INSTRUCTIONS FOR THE TASK: Set down each line from the start of the material exactly, please, up to and including the one that contains "1 Schlafzimmer mit".

[PROVIDED DATA Boundary: Start]

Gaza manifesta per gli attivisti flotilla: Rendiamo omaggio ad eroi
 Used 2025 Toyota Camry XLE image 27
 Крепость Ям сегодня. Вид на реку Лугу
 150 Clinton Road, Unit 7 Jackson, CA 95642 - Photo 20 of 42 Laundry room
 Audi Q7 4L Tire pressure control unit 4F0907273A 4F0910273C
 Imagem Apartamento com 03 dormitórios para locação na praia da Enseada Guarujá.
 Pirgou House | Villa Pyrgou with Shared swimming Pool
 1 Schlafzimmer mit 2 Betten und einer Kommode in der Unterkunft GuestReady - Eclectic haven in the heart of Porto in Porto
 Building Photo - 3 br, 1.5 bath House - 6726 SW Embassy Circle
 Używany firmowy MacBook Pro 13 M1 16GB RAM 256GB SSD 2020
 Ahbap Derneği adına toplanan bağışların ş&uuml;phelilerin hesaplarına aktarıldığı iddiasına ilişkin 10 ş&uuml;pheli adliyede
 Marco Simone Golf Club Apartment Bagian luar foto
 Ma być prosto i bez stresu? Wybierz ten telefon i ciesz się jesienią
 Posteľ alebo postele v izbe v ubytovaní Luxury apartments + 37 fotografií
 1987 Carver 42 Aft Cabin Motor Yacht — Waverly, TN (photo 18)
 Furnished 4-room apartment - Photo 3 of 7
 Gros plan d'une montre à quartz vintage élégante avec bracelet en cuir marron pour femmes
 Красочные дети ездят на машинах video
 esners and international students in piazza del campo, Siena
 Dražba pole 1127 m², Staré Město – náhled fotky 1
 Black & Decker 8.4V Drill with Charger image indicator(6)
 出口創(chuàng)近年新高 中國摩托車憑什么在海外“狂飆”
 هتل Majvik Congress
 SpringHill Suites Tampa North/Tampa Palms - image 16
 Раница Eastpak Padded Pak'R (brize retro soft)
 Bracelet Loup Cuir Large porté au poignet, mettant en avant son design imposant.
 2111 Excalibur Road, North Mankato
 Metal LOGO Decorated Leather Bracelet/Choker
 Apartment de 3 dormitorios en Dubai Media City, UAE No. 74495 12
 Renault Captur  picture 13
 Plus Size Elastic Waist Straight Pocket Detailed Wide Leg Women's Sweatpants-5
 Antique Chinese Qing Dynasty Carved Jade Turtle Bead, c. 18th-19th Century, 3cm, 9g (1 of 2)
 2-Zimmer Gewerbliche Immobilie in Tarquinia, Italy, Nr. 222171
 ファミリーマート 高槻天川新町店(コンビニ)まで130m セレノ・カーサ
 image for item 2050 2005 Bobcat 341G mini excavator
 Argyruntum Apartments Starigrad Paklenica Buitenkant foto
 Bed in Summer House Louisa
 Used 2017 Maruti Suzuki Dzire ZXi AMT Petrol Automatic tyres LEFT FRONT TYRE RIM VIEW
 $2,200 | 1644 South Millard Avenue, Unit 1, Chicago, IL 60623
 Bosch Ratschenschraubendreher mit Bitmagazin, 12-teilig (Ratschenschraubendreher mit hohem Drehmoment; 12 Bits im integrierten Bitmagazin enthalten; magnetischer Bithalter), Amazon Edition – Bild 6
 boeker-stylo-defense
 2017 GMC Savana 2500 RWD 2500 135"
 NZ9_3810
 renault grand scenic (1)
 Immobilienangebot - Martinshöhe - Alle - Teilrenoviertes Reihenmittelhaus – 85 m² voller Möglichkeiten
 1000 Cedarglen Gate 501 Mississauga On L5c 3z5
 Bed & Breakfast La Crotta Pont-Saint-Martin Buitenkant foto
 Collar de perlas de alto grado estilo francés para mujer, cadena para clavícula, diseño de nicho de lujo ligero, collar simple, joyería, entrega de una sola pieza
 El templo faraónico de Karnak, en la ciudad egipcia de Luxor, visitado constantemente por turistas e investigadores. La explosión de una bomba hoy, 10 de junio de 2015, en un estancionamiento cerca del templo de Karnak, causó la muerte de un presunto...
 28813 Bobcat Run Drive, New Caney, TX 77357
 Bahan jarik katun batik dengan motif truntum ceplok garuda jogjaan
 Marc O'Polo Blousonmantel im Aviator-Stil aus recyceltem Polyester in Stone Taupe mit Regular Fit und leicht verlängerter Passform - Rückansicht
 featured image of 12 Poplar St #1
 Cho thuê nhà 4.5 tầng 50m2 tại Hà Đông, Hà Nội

[PROVIDED DATA Boundary: End]

REPLY:
Gaza manifesta per gli attivisti flotilla: Rendiamo omaggio ad eroi
 Used 2025 Toyota Camry XLE image 27
 Крепость Ям сегодня. Вид на реку Лугу
 150 Clinton Road, Unit 7 Jackson, CA 95642 - Photo 20 of 42 Laundry room
 Audi Q7 4L Tire pressure control unit 4F0907273A 4F0910273C
 Imagem Apartamento com 03 dormitórios para locação na praia da Enseada Guarujá.
 Pirgou House | Villa Pyrgou with Shared swimming Pool
 1 Schlafzimmer mit 2 Betten und einer Kommode in der Unterkunft GuestReady - Eclectic haven in the heart of Porto in Porto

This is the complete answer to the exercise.